Requirement
Retype every line from the top of the entries down to the one with "Necklace with a", both included, and skip the pictures.

Available records
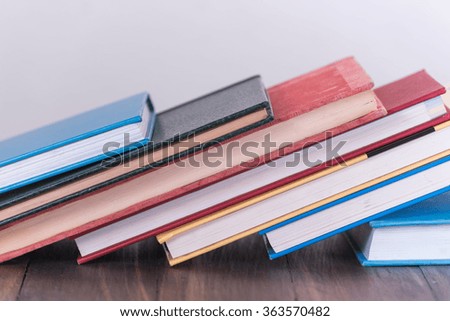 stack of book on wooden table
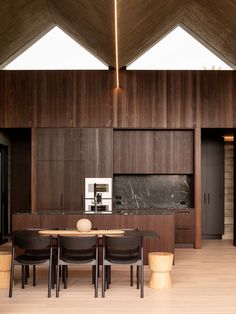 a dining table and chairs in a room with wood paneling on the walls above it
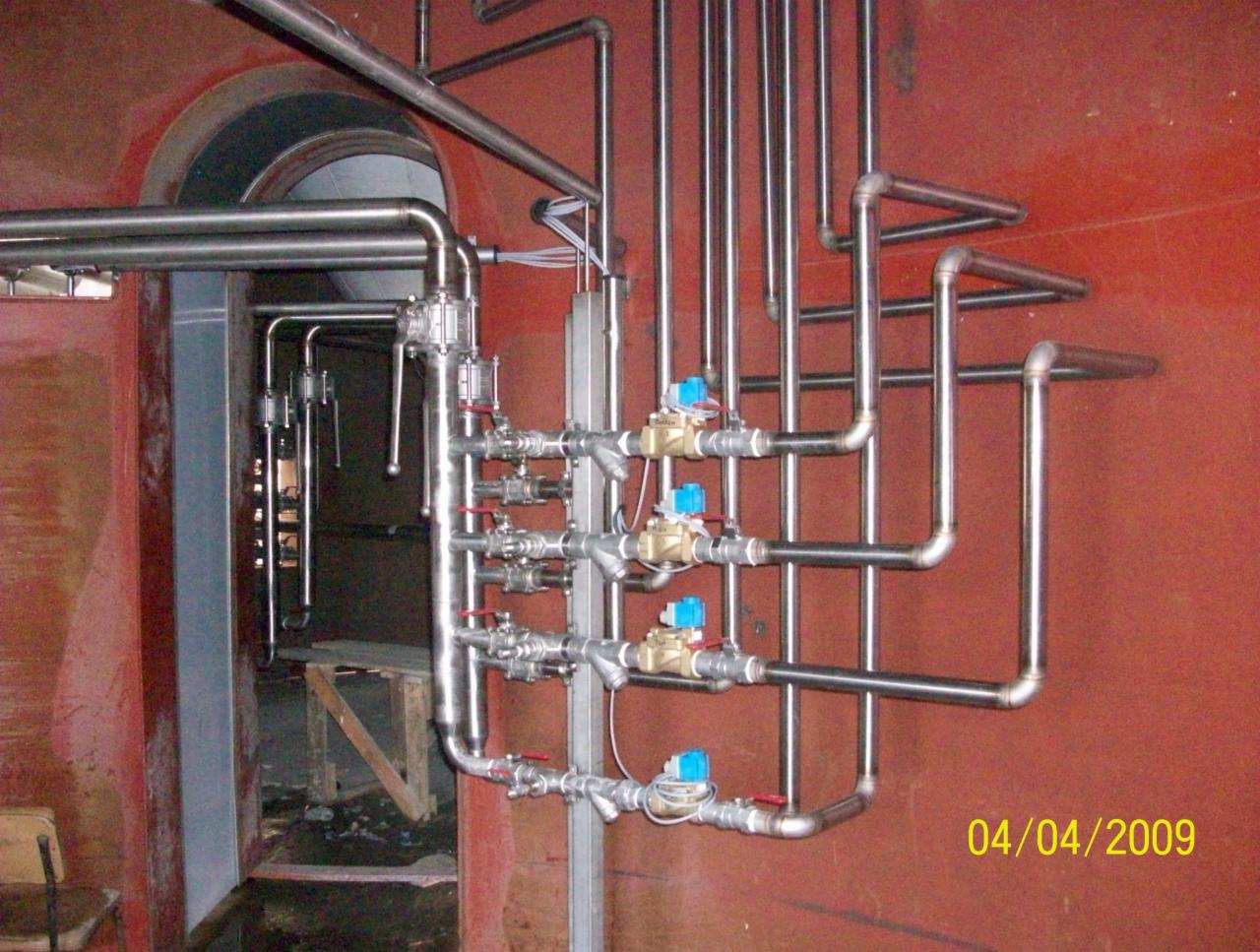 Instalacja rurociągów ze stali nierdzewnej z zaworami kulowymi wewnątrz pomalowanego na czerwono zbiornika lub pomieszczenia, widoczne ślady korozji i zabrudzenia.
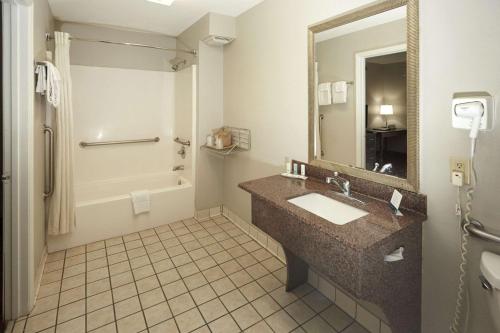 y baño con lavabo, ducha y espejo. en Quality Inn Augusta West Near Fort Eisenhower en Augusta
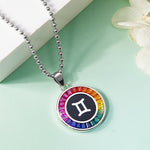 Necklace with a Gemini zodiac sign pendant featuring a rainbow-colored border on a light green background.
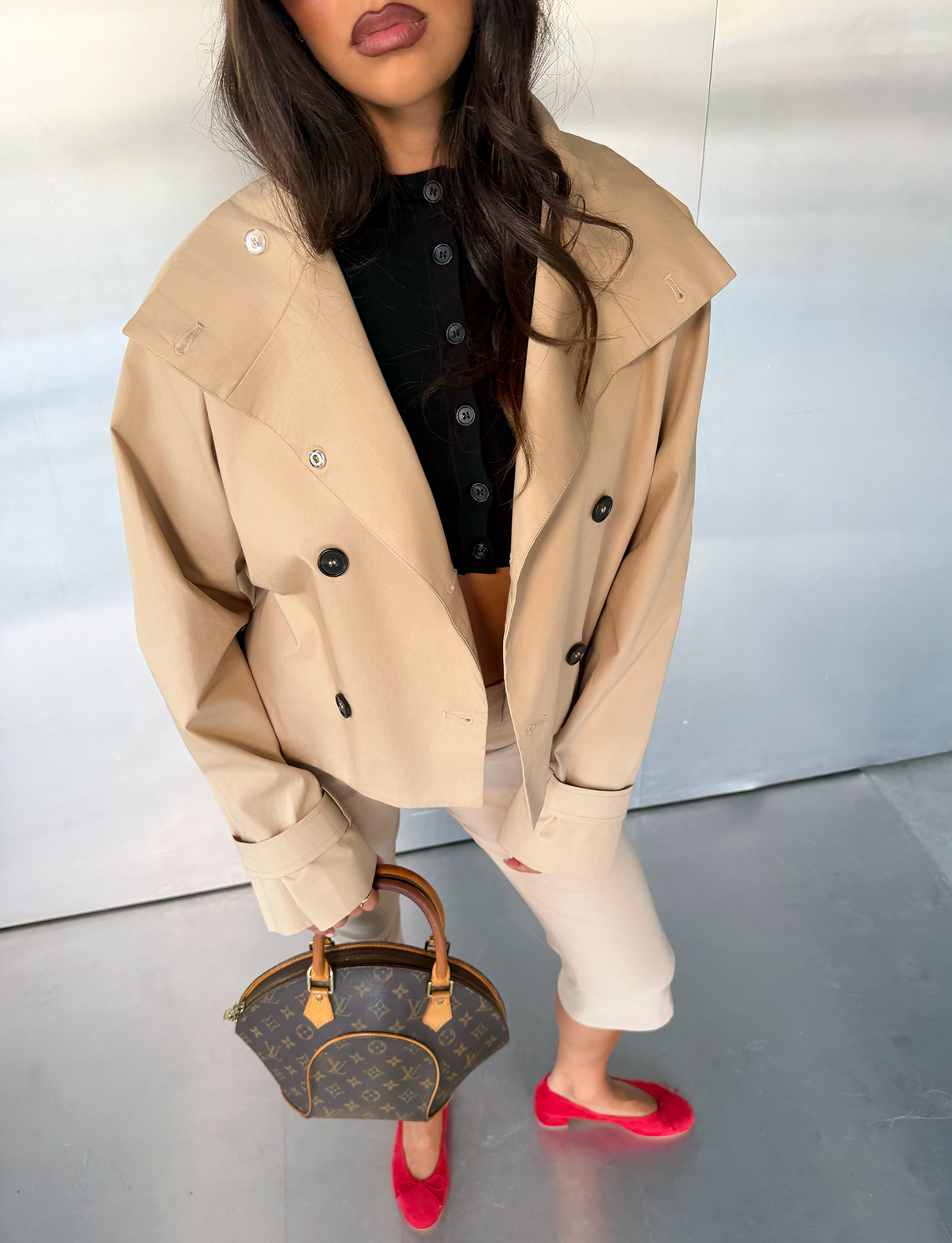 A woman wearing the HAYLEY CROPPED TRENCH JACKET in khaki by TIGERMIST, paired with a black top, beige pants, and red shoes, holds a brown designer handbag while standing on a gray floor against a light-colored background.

Written reply
 stack of book on wooden table
 a dining table and chairs in a room with wood paneling on the walls above it
 Instalacja rurociągów ze stali nierdzewnej z zaworami kulowymi wewnątrz pomalowanego na czerwono zbiornika lub pomieszczenia, widoczne ślady korozji i zabrudzenia.
 y baño con lavabo, ducha y espejo. en Quality Inn Augusta West Near Fort Eisenhower en Augusta
 Necklace with a Gemini zodiac sign pendant featuring a rainbow-colored border on a light green background.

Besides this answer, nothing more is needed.